With environmental issues such as global warming and the Great Pacific Garbage Patch, the world needs more scientists equipped to attack the spiral of damaging human behaviors. Environmental science is a branch of science that seeks to sustain the Earth’s environment.
The major is a combination of two different studies. The first considers how physical and biological sciences work together, and the second examines the application of scientific methods to solving environmental problems.
Environmental science is not to be confused with environmental studies. These are separate majors with different concentrations. While environmental science applies scientific knowledge to the environment, environmental studies has a core in the social sciences. Environmental studies looks at legal issues and economic policies, but environmental science looks at chemistry, biology, and physics.
In order to be successful in an environmental science major, students need a strong background in other forms of science. Majors will take classes such as geoscience, ecology, hydrology and land resource science. There will be some required classes in other sciences, and once those are finished, students can decide on a concentration that fits their interests.
Environmental science has many concentrations. Some examples include environmental chemistry, environmental physics, environmental biology, terrestrial ecology, natural resource management and environmental protection. If students find themselves particularly interested in a specific science, such as biology as it relates to the environment, they may choose a concentration similar to the first three. If not, they may specialize in natural resources or protection.
Regardless of the concentration, fieldwork is an important part of the major. Fieldwork provides hands-on experience that labs often cannot provide. Some programs allow students to conduct supervised research with members of the faculty. Paid summer research internships or fellowships are also available for students to gain practical experience.
Students will gain many skills throughout the study of this major. They will gain knowledge of several sciences, and they will learn how to apply this knowledge to real world problems. Majors will gain an aptitude for solving problems and thinking outside of the box.

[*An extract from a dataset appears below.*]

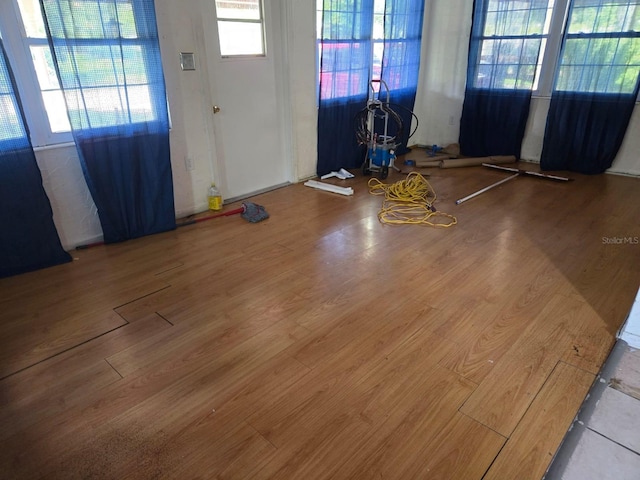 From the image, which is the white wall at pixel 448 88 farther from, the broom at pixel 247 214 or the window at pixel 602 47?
the broom at pixel 247 214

Because environmental science is by nature collaborative, students will work on many assignments in groups. This develops communication skills and allows students to practice the profession’s jargon.
Finally, students will become proficient with computers. Throughout the study of the major, students will use computers for data analysis, remote sensing, GIS (geographic information systems) and digital mapping.
The career options for majors depends on their level of continuing study. Many entry level research or teaching jobs require a masters degree. Advanced research positions or college-level teaching typically require a Ph.D.
That being said, there are many options for students. Those interested in teaching could teach in a high school or work in environmental education programs. There are also a wide variety of jobs in fields indirectly related to science.
Students who are interested in law can become an environmental lawyer. It would be necessary for these students to earn a law degree. Students may choose to work for the state or federal government as environmental regulators. Another option is to work for advocacy groups or NGOs (non-governmental organizations).
Students interested in the business aspect of things can become environmental consultants or resource managers.
Environmental engineers use principles of engineering and chemistry to solve environmental issues. Environmental engineering technicians collect samples of groundwater and air to analyze pollution levels. Students who want to help fix environmental issues that have already occurred may opt for a career in environmental remediation.